Sicheres Mehrlagenschweißen mit Industrierobotern (Projekt SIMMI)
Mehr Effizienz und Sicherheit beim robotergestützten Schweißen
Das Forschungsprojekt SIMMI – Sicheres Mehrlagenschweißen mit Industrierobotern – hat im Berichtsjahr vielversprechende Ansätze entwickelt und wichtige technologische Grundlagen für eine sicherere und produktivere Robotik im industriellen Schweißprozess gelegt. Ziel des Vorhabens ist es, innovative Verfahren zu entwickeln, die das automatisierte Mehrlagenschweißen großer und komplexer Stahlbauteile sowohl wirtschaftlicher als auch sicherer machen.
Herausforderung: Komplexes robotergestütztes Schweißen
Das Schweißen großer Bauteile zählt zu den anspruchsvollsten Anwendungen in der industriellen Produktion. Häufig entstehen während des Prozesses Schweißfehler wie Bindefehler, Lunker oder Schlackeeinschlüsse, die erst nachträglich erkannt werden. Aufwändige Sicherheitsmaßnahmen für den Robotereinsatz führen zudem zu langen Stillstandszeiten und verhindern das parallele Arbeiten von Mensch und Maschine. Außerdem setzt das Schweißen große Mengen an Rauchgasen frei, die Arbeitsbedingungen belasten und zusätzliche Schutzmaßnahmen erfordern. SIMMI setzt gezielt an diesen Herausforderungen an.
Lösungsansätze im Projekt SIMMI
Im Projekt bündeln drei Partner ihre Kompetenzen, um neuartige Technologien für den intelligenten Schweißprozess, adaptive Sicherheitskonzepte und die Arbeitsumgebung zu erforschen und zu entwickeln. Eine intelligente Schweißprozessregelung soll Abweichungen in Echtzeit erkennen und automatisch korrigieren, bevor Fehler entstehen. Gleichzeitig wird eine ortsadaptive Arbeitsraumüberwachung konzipiert, die es ermöglicht, dass Industrieroboter und menschliche Beschäftigte im sicheren Abstand gleichzeitig am selben Werkstück arbeiten, ohne auf großflächige Absperrungen angewiesen zu sein. Ergänzend werden Verfahren zur deutlichen Reduktion der Rauchgasentwicklung im Schweißprozess erprobt – ein Beitrag zu besserer Arbeitssicherheit und Prozessqualität.

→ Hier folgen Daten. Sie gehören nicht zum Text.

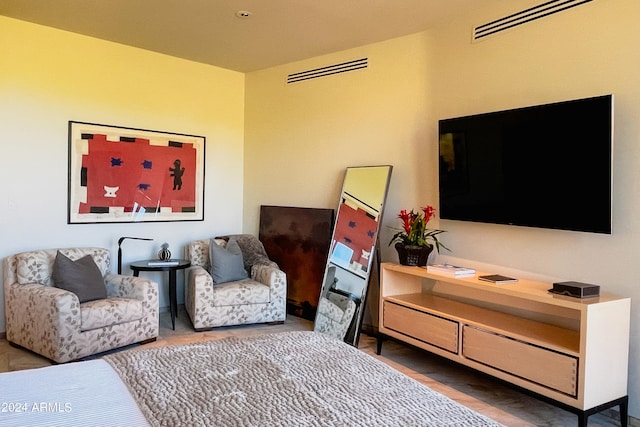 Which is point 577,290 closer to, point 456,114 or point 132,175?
point 456,114

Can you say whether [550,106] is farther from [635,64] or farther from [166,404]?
[166,404]

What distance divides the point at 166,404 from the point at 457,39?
3.46 metres

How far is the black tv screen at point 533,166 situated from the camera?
2.73 m

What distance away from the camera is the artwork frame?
4.50 m

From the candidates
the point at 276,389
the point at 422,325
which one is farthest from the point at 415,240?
the point at 276,389

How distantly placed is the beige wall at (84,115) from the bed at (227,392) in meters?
3.07

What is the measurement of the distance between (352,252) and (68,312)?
2335 mm

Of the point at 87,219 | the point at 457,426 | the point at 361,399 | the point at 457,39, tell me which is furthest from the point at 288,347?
the point at 87,219

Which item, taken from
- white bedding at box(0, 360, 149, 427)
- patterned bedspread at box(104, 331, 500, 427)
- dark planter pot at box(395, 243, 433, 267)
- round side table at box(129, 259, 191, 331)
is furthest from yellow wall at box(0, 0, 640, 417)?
white bedding at box(0, 360, 149, 427)

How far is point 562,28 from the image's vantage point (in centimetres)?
307

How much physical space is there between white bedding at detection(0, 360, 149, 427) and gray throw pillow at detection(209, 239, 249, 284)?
2.94 metres

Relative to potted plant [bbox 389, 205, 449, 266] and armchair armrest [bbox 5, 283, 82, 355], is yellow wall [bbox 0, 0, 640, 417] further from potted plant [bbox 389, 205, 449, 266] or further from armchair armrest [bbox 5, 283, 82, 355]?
armchair armrest [bbox 5, 283, 82, 355]

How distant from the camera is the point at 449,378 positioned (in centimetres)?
339

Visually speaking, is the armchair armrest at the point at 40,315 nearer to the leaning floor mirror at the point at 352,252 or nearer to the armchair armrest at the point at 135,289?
the armchair armrest at the point at 135,289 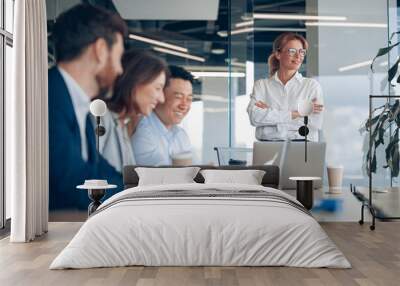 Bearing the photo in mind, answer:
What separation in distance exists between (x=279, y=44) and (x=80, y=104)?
2499 mm

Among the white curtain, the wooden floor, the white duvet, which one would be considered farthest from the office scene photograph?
the white duvet

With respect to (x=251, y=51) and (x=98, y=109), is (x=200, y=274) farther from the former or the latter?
(x=251, y=51)

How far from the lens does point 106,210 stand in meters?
4.92

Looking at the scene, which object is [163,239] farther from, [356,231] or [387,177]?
[387,177]

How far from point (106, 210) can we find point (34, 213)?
1.51m

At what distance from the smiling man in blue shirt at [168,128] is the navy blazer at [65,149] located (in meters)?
0.45

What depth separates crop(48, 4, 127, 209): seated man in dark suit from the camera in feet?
25.2

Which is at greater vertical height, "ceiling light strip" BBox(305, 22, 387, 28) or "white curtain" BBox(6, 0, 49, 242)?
"ceiling light strip" BBox(305, 22, 387, 28)

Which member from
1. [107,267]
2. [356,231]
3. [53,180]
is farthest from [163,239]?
[53,180]

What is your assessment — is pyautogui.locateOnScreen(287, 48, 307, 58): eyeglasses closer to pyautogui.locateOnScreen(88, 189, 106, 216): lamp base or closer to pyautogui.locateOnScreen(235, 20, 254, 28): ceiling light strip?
pyautogui.locateOnScreen(235, 20, 254, 28): ceiling light strip

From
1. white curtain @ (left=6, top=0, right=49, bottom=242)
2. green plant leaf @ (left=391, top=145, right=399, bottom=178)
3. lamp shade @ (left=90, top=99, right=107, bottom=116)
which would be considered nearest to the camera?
white curtain @ (left=6, top=0, right=49, bottom=242)

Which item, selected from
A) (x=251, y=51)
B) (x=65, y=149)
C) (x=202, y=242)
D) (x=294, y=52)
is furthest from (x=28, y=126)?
(x=294, y=52)

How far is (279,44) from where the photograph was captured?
7.69 metres

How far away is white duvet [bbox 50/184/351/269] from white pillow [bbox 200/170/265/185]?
1.99 meters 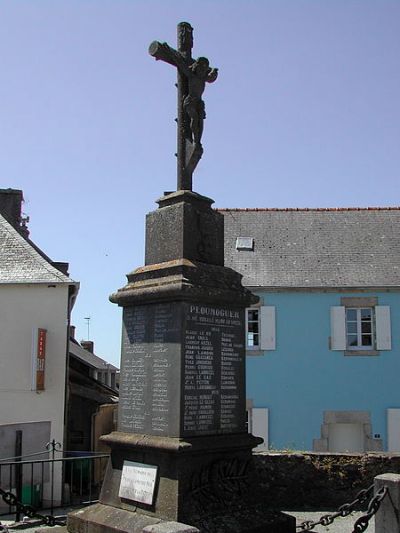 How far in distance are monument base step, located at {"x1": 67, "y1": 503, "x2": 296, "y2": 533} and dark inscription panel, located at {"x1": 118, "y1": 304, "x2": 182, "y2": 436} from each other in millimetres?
734

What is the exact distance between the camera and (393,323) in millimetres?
16906

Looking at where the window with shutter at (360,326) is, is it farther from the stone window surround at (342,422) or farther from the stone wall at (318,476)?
the stone wall at (318,476)

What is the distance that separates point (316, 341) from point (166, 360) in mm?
12013

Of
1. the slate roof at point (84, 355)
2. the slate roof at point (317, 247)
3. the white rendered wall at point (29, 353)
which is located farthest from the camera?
the slate roof at point (84, 355)

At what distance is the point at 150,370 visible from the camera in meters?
5.78

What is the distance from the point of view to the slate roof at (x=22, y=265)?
50.4 ft

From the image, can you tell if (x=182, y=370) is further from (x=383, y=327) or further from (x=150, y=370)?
(x=383, y=327)

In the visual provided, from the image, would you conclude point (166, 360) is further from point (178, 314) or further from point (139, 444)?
point (139, 444)

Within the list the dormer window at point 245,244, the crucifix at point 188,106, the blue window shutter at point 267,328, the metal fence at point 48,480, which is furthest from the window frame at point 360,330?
the crucifix at point 188,106

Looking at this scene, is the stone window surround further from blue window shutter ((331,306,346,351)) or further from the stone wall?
the stone wall

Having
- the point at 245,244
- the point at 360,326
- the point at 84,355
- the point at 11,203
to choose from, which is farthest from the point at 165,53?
the point at 84,355

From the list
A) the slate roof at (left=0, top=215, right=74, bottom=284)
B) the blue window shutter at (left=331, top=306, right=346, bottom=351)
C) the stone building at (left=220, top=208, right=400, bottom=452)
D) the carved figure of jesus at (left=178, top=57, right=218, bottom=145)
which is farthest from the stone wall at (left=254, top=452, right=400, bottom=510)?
the blue window shutter at (left=331, top=306, right=346, bottom=351)

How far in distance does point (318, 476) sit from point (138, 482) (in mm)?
2963

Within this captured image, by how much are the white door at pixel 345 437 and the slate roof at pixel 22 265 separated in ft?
26.5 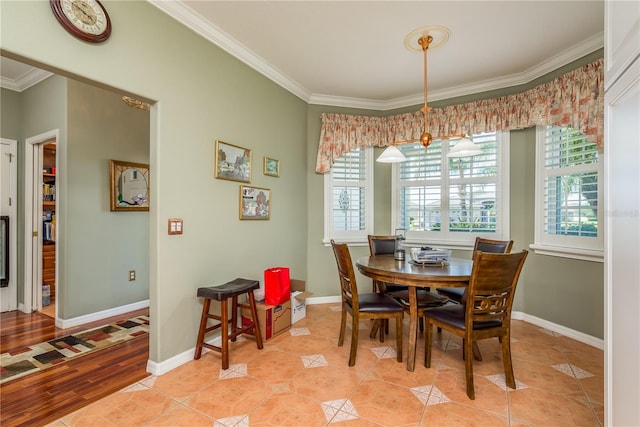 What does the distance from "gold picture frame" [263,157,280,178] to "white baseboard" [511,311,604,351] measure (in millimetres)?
3193

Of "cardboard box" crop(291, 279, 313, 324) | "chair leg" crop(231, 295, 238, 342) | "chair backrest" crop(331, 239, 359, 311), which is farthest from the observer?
"cardboard box" crop(291, 279, 313, 324)

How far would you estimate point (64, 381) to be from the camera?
82.7 inches

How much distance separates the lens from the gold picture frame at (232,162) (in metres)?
2.65

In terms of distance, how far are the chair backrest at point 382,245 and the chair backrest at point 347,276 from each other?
94cm

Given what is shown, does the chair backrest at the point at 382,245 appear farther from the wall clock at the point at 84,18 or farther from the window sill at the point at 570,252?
the wall clock at the point at 84,18

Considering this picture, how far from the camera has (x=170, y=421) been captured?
1.70 meters

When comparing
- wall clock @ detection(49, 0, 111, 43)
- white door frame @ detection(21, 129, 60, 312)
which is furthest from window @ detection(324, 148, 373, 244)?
white door frame @ detection(21, 129, 60, 312)

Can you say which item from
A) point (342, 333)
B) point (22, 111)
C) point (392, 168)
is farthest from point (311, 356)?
point (22, 111)

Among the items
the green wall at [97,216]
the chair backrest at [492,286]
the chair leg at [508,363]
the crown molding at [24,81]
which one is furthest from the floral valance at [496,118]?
the crown molding at [24,81]

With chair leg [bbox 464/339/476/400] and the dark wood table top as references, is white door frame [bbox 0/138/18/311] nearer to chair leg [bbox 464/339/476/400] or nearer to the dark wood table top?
the dark wood table top

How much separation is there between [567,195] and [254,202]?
125 inches

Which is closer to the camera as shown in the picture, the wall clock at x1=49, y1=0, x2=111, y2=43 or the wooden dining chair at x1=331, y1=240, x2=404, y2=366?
the wall clock at x1=49, y1=0, x2=111, y2=43

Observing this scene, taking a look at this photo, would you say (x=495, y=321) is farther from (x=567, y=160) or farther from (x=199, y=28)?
(x=199, y=28)

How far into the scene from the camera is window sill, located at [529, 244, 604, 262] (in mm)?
2673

SIMMI steht für das Leitbild der Automatisierten Manufaktur, weil die Integration und Planung robotergestützter Fertigungsprozesse effizienter und wirtschaftlicher gestaltet wird. Adaptive Sicherheitskonzepte und flexible Robotiklösungen ermöglichen den Einsatz automatisierter Verfahren auch bei individuellen Fertigungen und Kleinserien. Dadurch sinken Integrationsaufwände und neue Potenziale für eine flexible industrielle Produktion werden erschlossen.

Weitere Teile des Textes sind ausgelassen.